Exercise instructions
From the line that contains "Quai de Saint-Pierre" to the final line below, both included, print each line exactly and skip the pictures.

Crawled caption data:
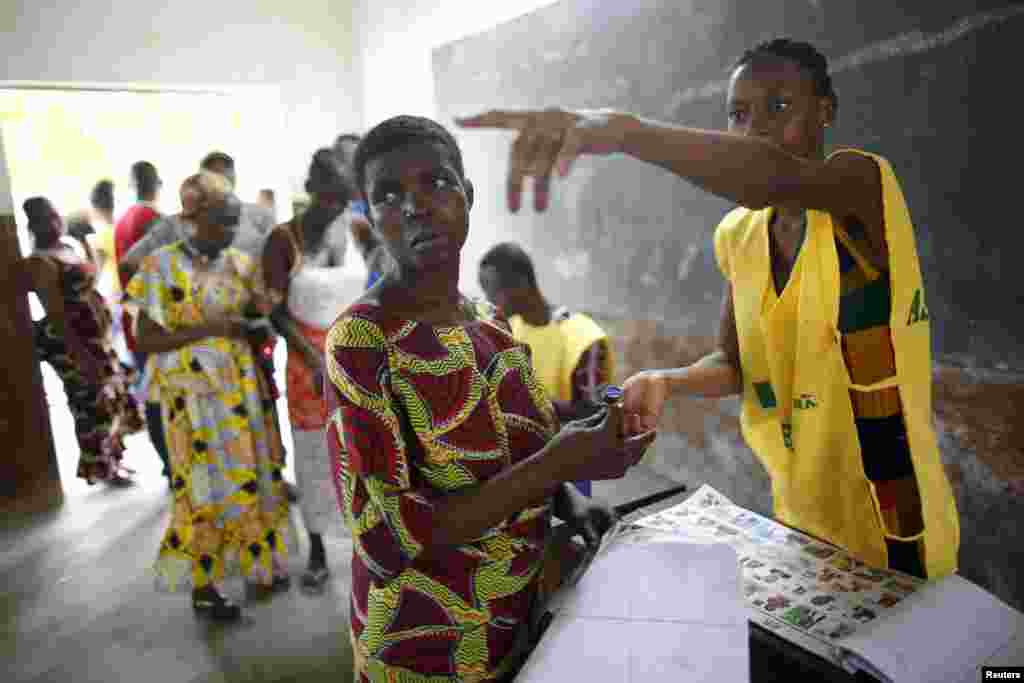 Un membre d'un bureau de vote de Cotonou, au Bénin, montre du doigt un isoloir, le 6 mars 2016. (REUTERS/Akintunde Akinleye)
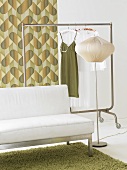 Sofa, clothes rack and standard lamp in a room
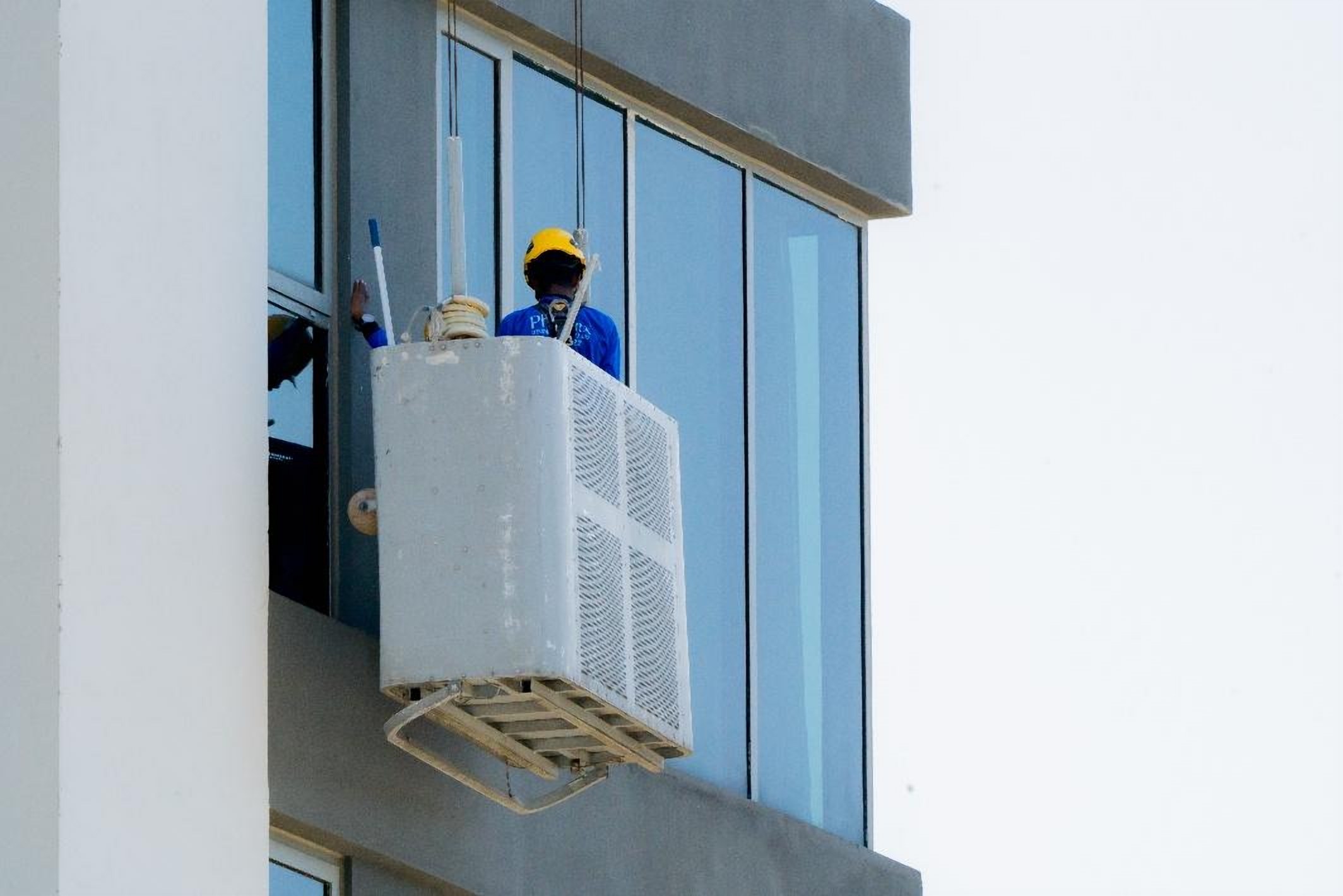 Technician working from a gondola on a glass facade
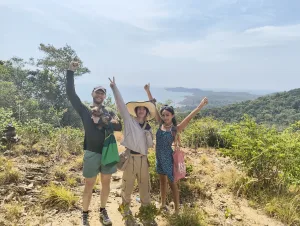 Guests from The Cocoon Hostel at the top of The Koh Samet Nature Trail viewpoint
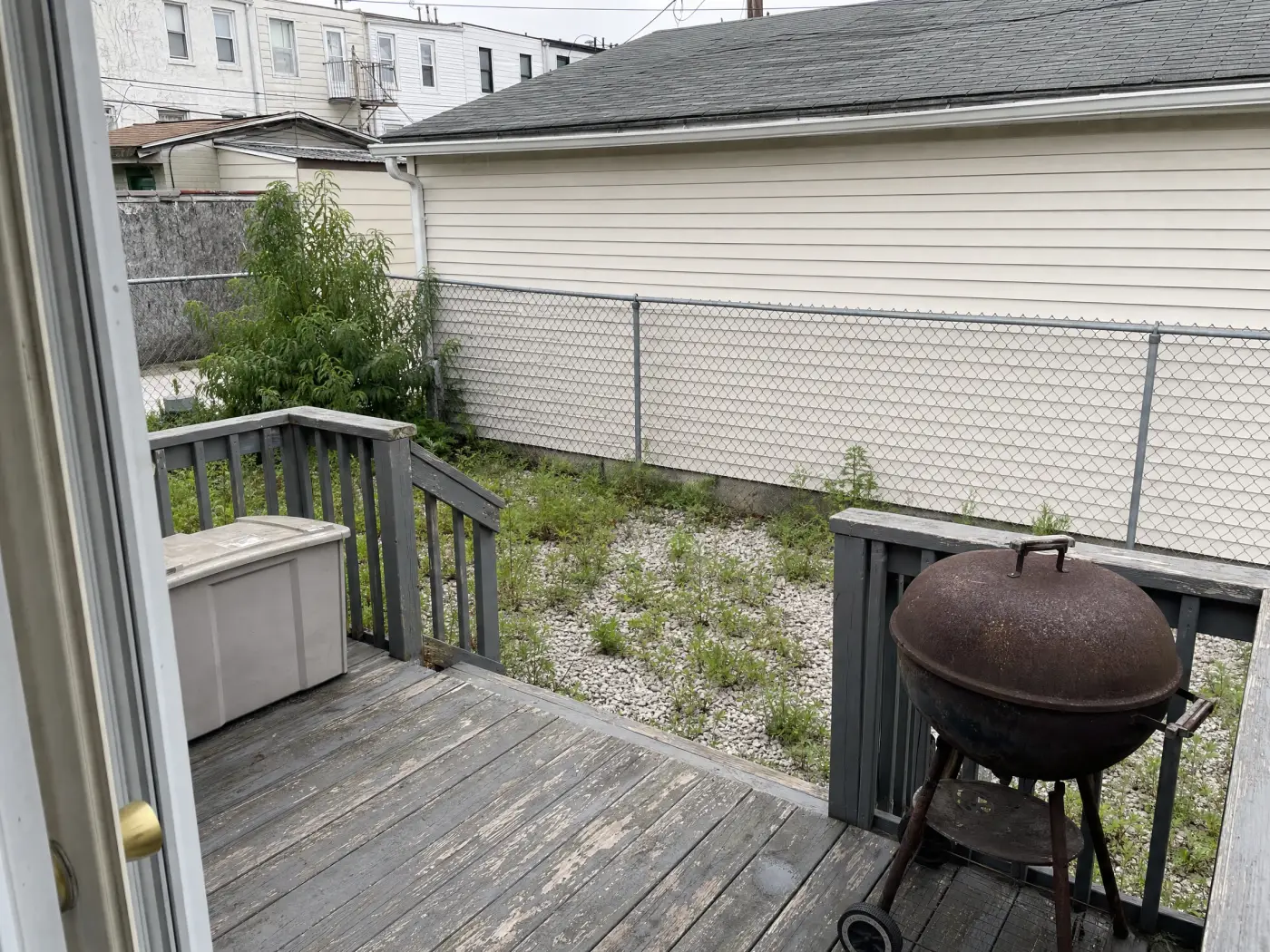 A small city backyard seen from the back door: weathered grey deck, a plastic storage box, a rusty kettle grill, weedy gravel, and a chain-link fence against the neighbor's garage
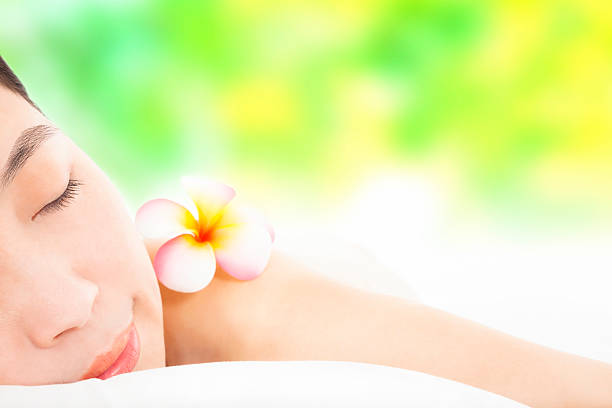 relaxed young woman in spa salon
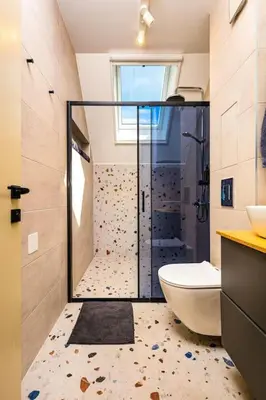 a bathroom with a shower with a toilet and a sink at Hills View Central Apartment in Plovdiv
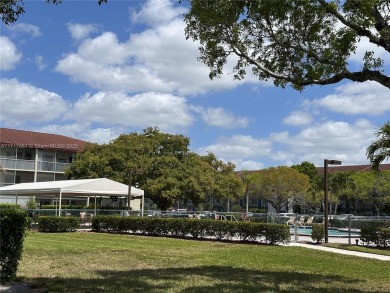 Buy this 1st floor condo 1 bedroom 1.5 baths 1 parking space on Flamingo Lakes Country Club in Florida - for sale on GolfHomes.com, golf home, golf lot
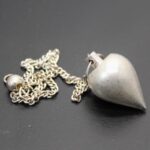 Pendule goutte laiton déclassé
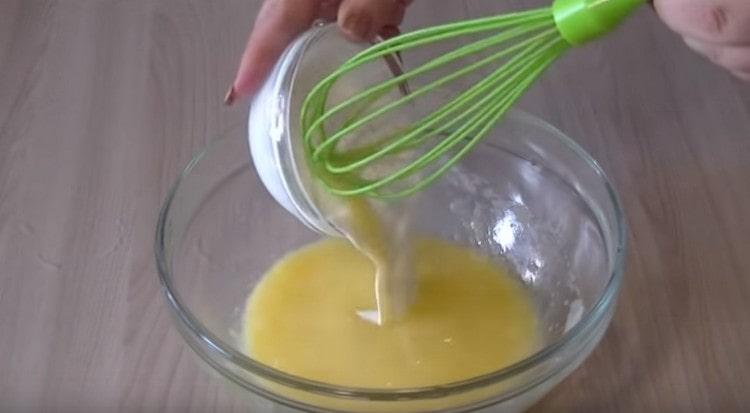 We introduce sour cream and vegetable oil into the egg mass.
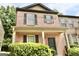 Picturesque two-story brick townhome with a covered front porch and lush green landscaping at 1406 Bayrose Cir # 6B, East Point, GA 30344
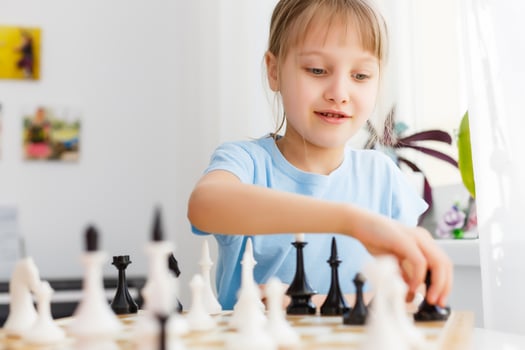 Girl moving a counter while playing chess photo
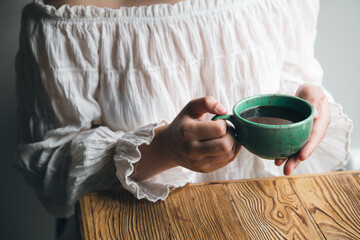 Fototapeta na wymiar Close-up, green cup with coffee in female hands.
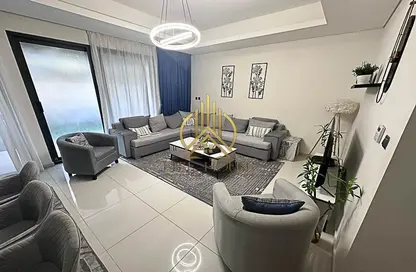 Living Room image for: Townhouse - 3 Bedrooms - 3 Bathrooms for rent in Aurum Villas - Sycamore - Damac Hills 2 - Dubai, Image 1
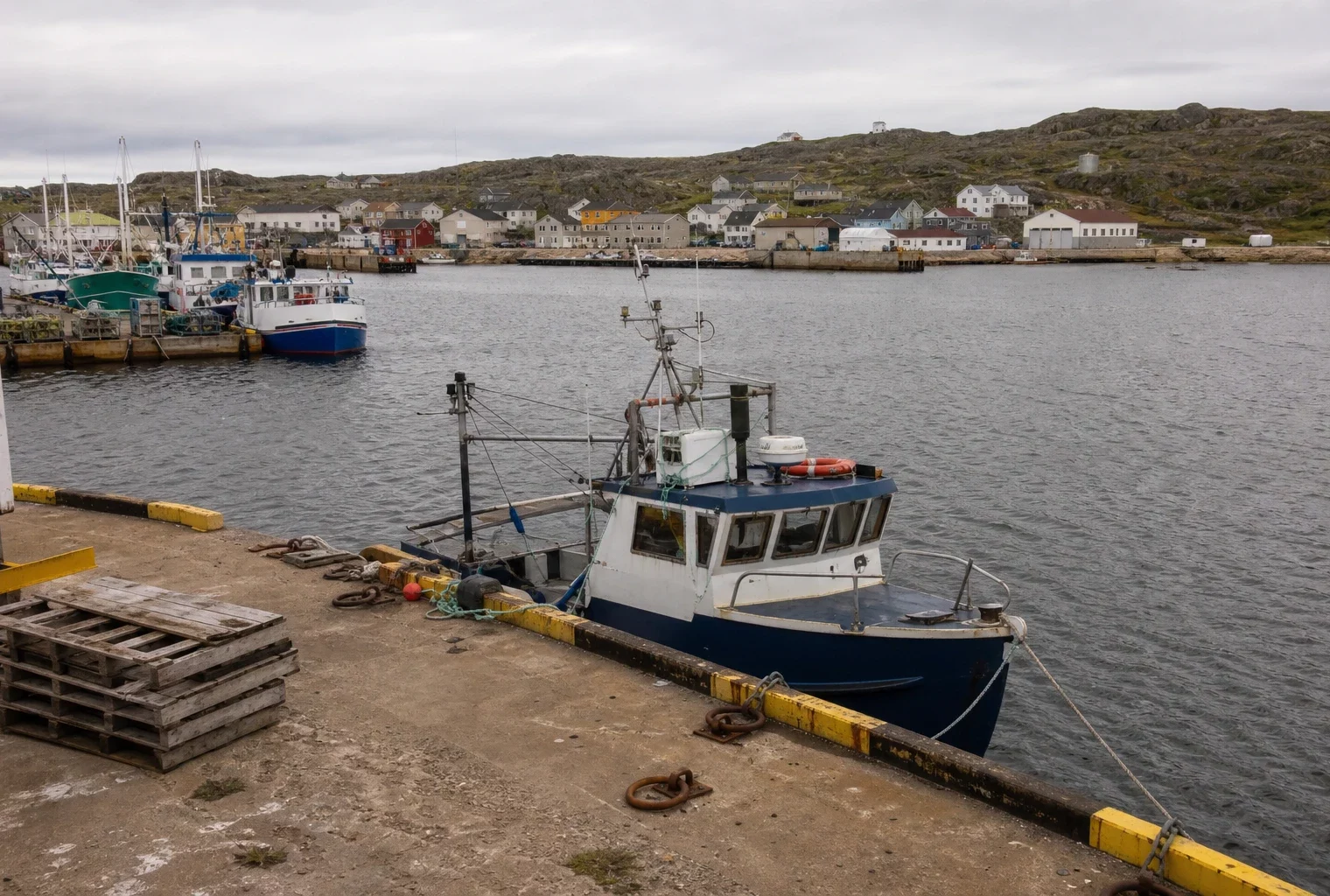 Quai de Saint-Pierre avec bateaux et maisons basses, sur fond de côte rocheuse de l’archipel.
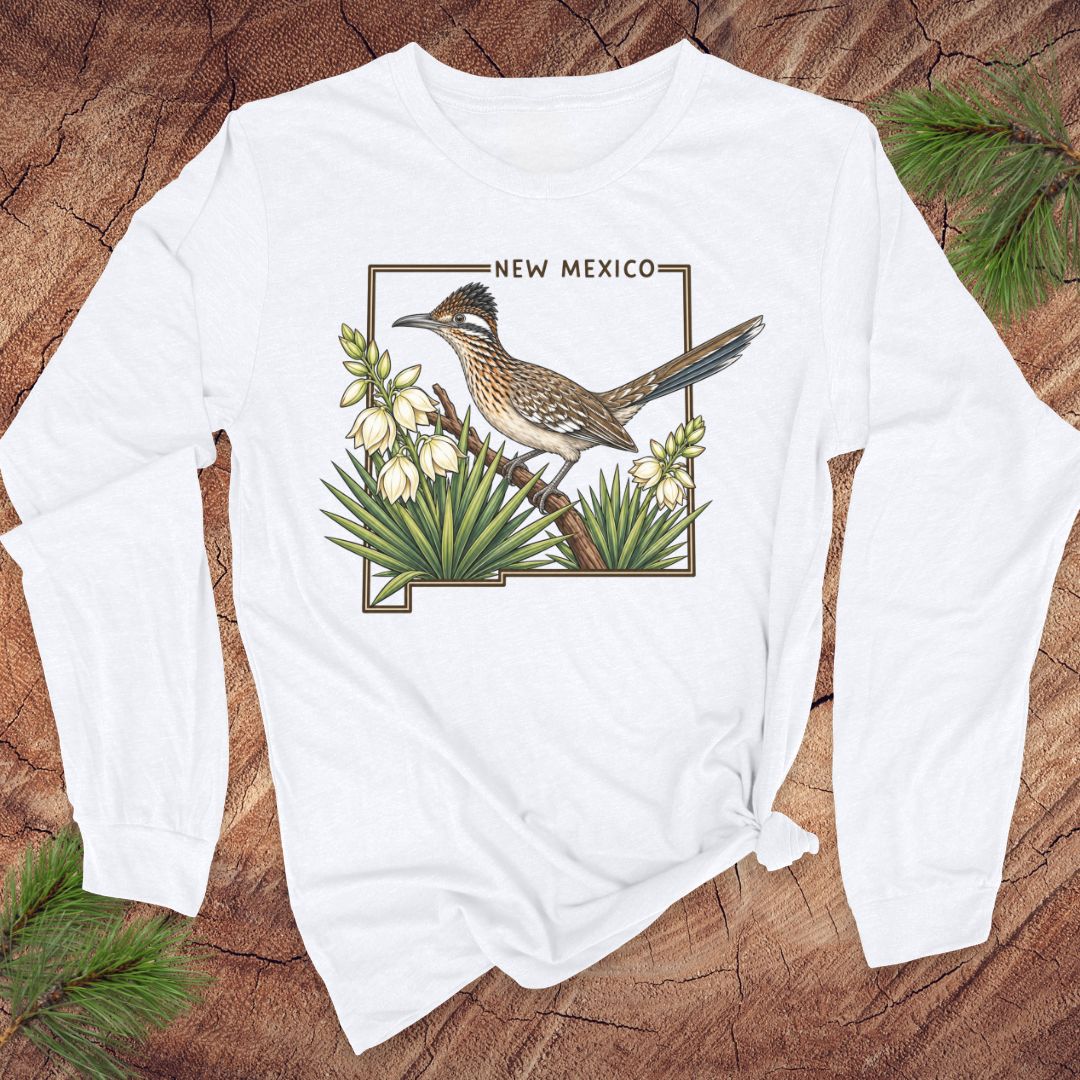 A white long-sleeve t-shirt with a graphic of a roadrunner bird and 'NEW MEXICO' text, laid flat on a rustic wood background with pine branches.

Answer
 Quai de Saint-Pierre avec bateaux et maisons basses, sur fond de côte rocheuse de l’archipel.
 A white long-sleeve t-shirt with a graphic of a roadrunner bird and 'NEW MEXICO' text, laid flat on a rustic wood background with pine branches.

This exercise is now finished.